ABOUT THIS TASK:
Write out, without any change, the lines in the material below that run from the line with "The Tegallalang Rice" through the line with "For rent land", both included.

TASK MATERIAL:

■ ■ ■ ■ ■

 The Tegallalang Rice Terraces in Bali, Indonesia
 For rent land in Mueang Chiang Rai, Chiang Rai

■ ■ ■ ■ ■

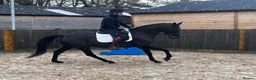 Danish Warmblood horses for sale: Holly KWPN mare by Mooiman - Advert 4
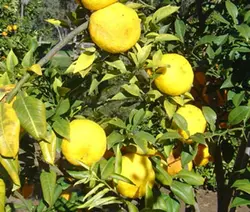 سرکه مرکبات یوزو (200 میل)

■ ■ ■ ■ ■

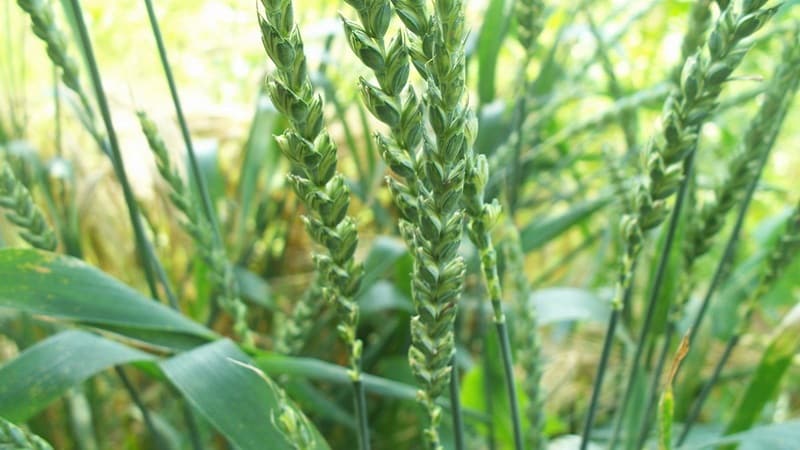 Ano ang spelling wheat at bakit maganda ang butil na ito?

■ ■ ■ ■ ■

RESPONSE AREA:
 The Tegallalang Rice Terraces in Bali, Indonesia
 For rent land in Mueang Chiang Rai, Chiang Rai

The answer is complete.